O estabelecimento de uma linha oficial da miséria, chamada pelo governo federal de pobreza extrema, coloca um fim na discussão sobre o que deveria ser o índice e traça um público prioritário para investimentos e políticas públicas. Mas, por outro lado, a opção do Ministério do Desenvolvimento Social em escolher um valor tão baixo de renda apenas R$ 70 para nivelar o que seria a miséria deixará uma parcela da população excluída das estatísticas e, consequentemente, fora da atenção primaz do Estado.
Dados da Fundação Getúlio Vargas (FGV) revelam que há quase 24 milhões de pessoas vivendo no país com até R$ 138. O questionamento de especialistas é que, por exemplo, uma família que vive na cidade com R$ 138 per capita pode estar em uma situação de miséria tão grande quanto alguém vivendo no campo com R$ 70, mas isso não será computado.
O governo alega que o estabelecimento da meta está de acordo com os Objetivos do Milênio da ONU. Isso porque o índice utilizado para medir a pobreza dos países é o do Banco Mundial, que institui como miserável quem ganha US$ 1,25 por dia, o equivalente a mais ou menos R$ 60 mensais.
Outra justificativa é que o Bolsa Família já usa R$ 70 como linha de corte para quem não tem filhos poder receber o benefício. O mesmo critério pode ajudar na identificação de pessoas em situação de pobreza extrema no Cadastro Único, usado pelo governo federal nas políticas sociais.
Sociólogo e professor da Universidade de Brasília, Marcel Bursztyn argumenta que hoje as Nações Unidas estabelecem como parâmetro a paridade do poder de compra, que difere em cada localidade. "Um ribeirinho na Amazônia depende pouco do mercado e consegue alguma alimentação com o que produz, diferentemente de alguém vivendo na cidade."
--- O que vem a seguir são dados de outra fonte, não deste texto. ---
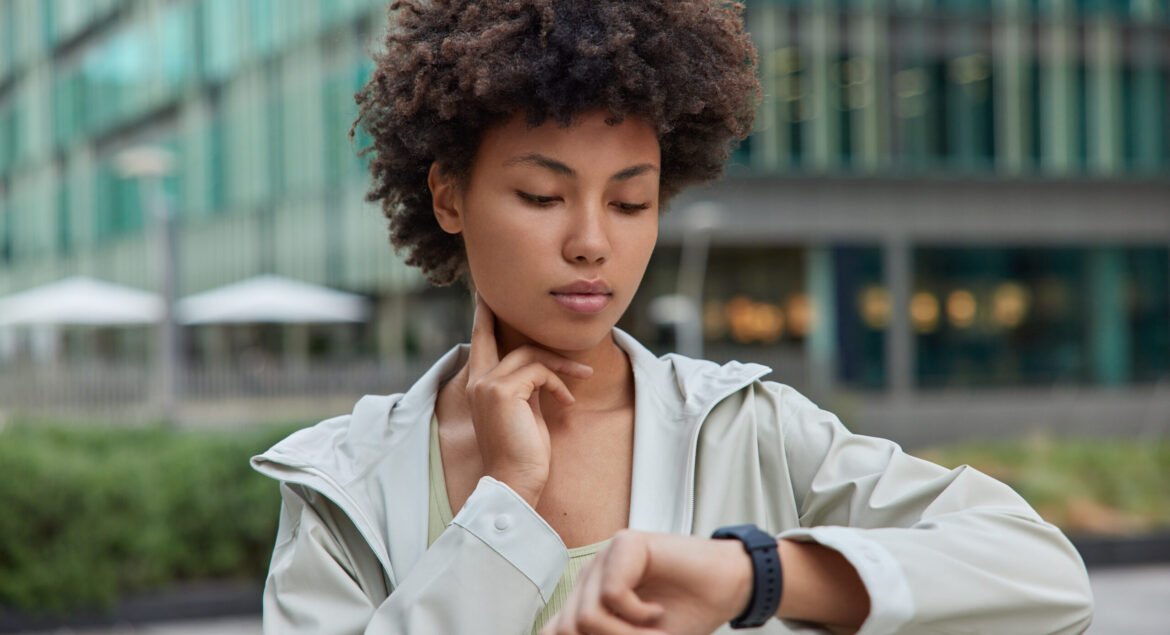 Fitness lady counts hearbeat checks pulse on neck concentrated at smartwatch monitors her health after workout dressed in sportswear poses outside against modern city building. Sport and health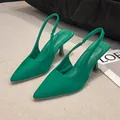Detailed view of elegant emerald green pointed-toe slingback heels with slim stiletto. - 35 / Green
Markus Brose, diretor executivo da organização não governamental Care, que trabalha no combate à pobreza em todo o mundo, afirma que a definição ajuda a instituir orçamento e público-alvo, além de facilitar a cobrança por parte da sociedade civil. "O conflito foi solucionado politicamente, porque tecnicamente sempre haverá divergência."
Porta de saída
Especialistas discutem agora quais as alternativas para que as famílias deixem de ser dependentes do Bolsa Família. Para Brose, romper o ciclo intergeracional de pobreza é muito difícil. Ele acredita que as pessoas na miséria dependerão de assistência continuada e somente a educação pode reverter o quadro das futuras gerações.
Para o diretor do Instituto Brasileiro de Análises Sociais e Econômicas (Ibase), Chico Menezes, a erradicação da pobreza extrema atinge os grupos mais vulneráveis da população. "Antes de falar em porta de saída, precisamos debater a entrada na cidadania." Ele lembra que as pessoas que deixarem a miséria não irão para a classe média e, portanto, ainda precisarão de apoio.